Patrick Tosani

Photographie Photographie couleur c-print, 52 x 68 cm. (Edition 1/5).
© Adagp, Paris 2008.

Notice

L’oeuvre de Patrick Tosani est un solide repère de l’esthétique photographique. Au début des années 1970, la photographie n’étant pas encore enseignée dans les écoles des beaux-arts, Patrick Tosani se sert du contexte déplacé d’études d’architecture pour le ramener à ses propres préoccupations de l’image, de l’espace de la représentation. Dès 1989 l’exposition « Une autre objectivité » conçue par Jean-François Chevrier et James Lingwood, présentée au Centre national des arts plastiques à Paris (puis à Londres et à Prato), ancre les recherches du photographe dans l’histoire de l’art moderne et contemporain. L’artiste a pris le parti de questionner la nature de l’image photographique, les conditions de son apparition, en élaborant un processus de production qui, symétriquement, devient chez le spectateur processus d’interprétation photographique. L’enjeu essentiel de son travail est d’articuler au réel sa représentation métaphorique. Mettant en scène une rencontre, une adhésion du modèle et de l’intime, Intérieur Externe et Transpercement procèdent d’un dispositif de projection lumineuse d’une image sur une maquette. Intérieur Externe est le volume simplifié d’un habitat sur lequel est projeté l’intérieur d’une chaussure coupée en deux. L’association de deux formes qui jouent la contradiction intérieur/extérieur, interne/externe met en évidence une situation où il est question de corps et d’architecture, de plein et de vide, de présence et d’absence. Transpercement est un grand format qui monumentalise un modèle réduit de maison sur lequel est projeté un fragment de jambe au pied à demi recouvert d’une chaussure coupée. Le pied prend naturellement sa place dans une chaussure évidée. La jambe charpente littéralement l’arche ouverte dans la maquette dont le volume reste indéterminé, dont l’échelle est imprécise.

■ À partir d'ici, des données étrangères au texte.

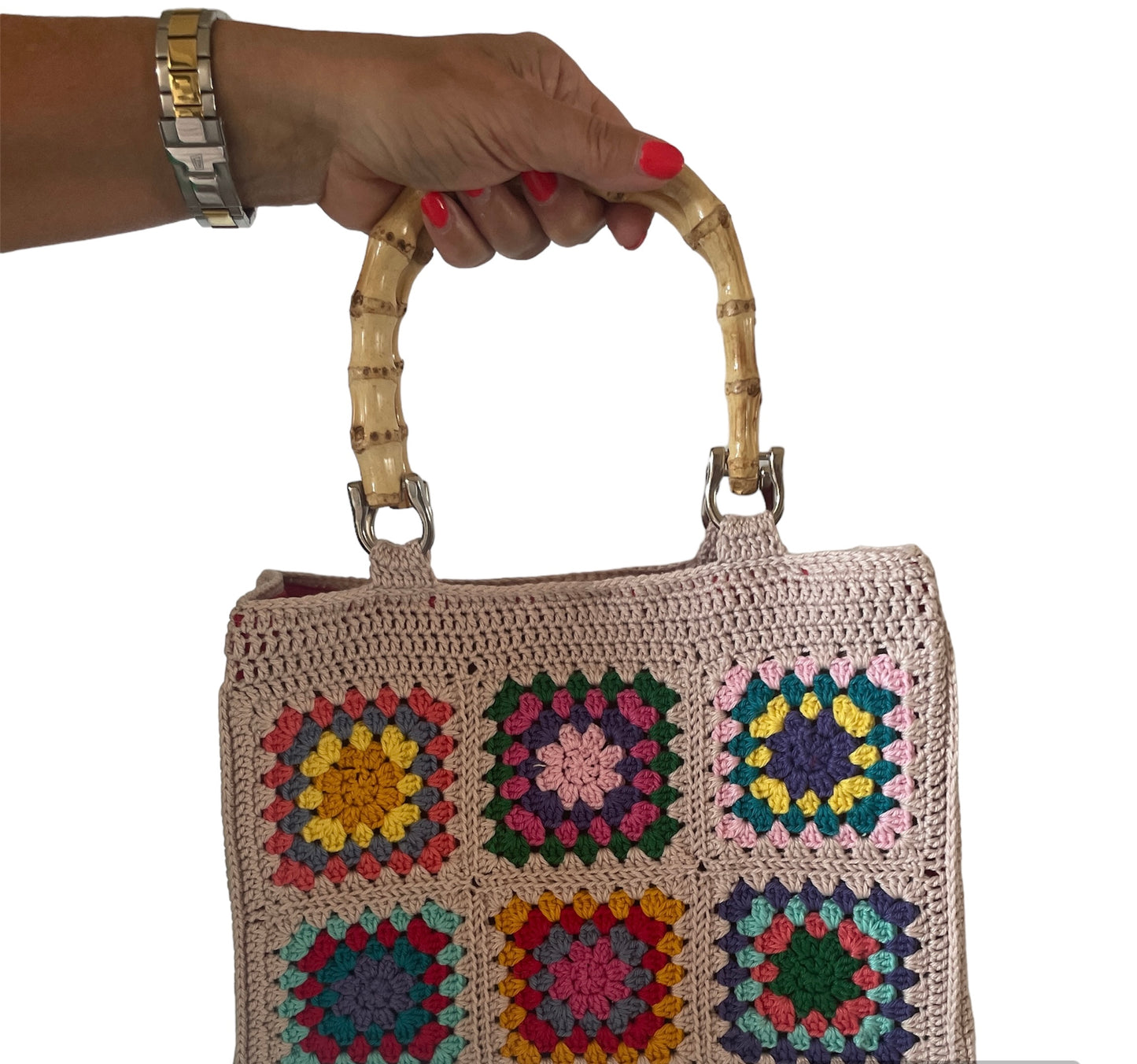 Gehaakte Granny Square Tas - Kleurrijk met als basis Oatmeal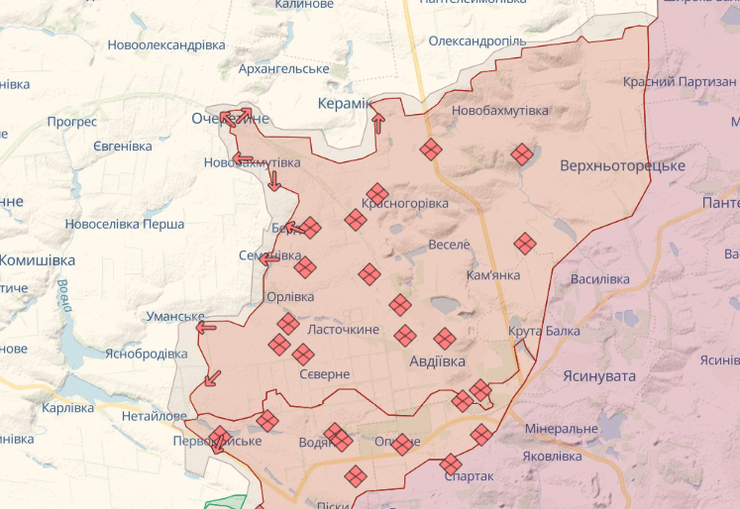 Очеретино карта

Chez Patrick Tosani, la photographie est moins de l’instantanéité que de la lumière dans un espace. C’est pourquoi elle est toujours engendrée par un dispositif qui construit le champ photographique. Ici, la projection lumineuse d’une image éclaire un volume et l’espace l’environnant se perd dans l’arrière-plan. Masse, poids, couleur, texture ne prennent forme qu’avec l’apparition de l’image sur la surface vide de la maquette en carton. Quant au paramètre lumière, s’il participe de l’étrangeté de cette maquette, c’est sa maîtrise qui cerne un espace plus proche et, paradoxalement, l’indétermine. Cela rappelle la série des portraits en braille de 1985, dont l’objet était de rendre lisible, par projection d’un portrait flou, une surface écrite en braille. La projection lumineuse est un moyen de faire advenir l’image et participe tout autant du processus de pensée qu’est la représentation. Oxymore visuel, trouble de la perception, le regard est invité à déterminer ce qui a « fait » l’image. Phénomène de réduction ou d’agrandissement, le choix du petit format pour Intérieur Externe, comme celui du grand format pour Transpercement sont le fruit d’ajustements pendant le temps de travail : trouver la dimension juste est l’aboutissement de la question de l’échelle. Familier de l’architecture du fait de ses études, Patrick Tosani a toujours confronté la question de la représentation à des questions d’espace et d’échelle, et naturellement aux questions de perception du spectateur dans l’espace d’exposition.

En écho à ses œuvres réalisées en atelier, l’artiste envisage des expérimentations dans des lieux publics ; l’enjeu étant de confronter l’image à l’échelle réelle de l’espace urbain, de vérifier comment, devenue monumentale, elle peut activer la perception de l’architecture, de son volume. Si l’architecte pense l’espace, le photographe produit une image pensée de l’espace.

F.G.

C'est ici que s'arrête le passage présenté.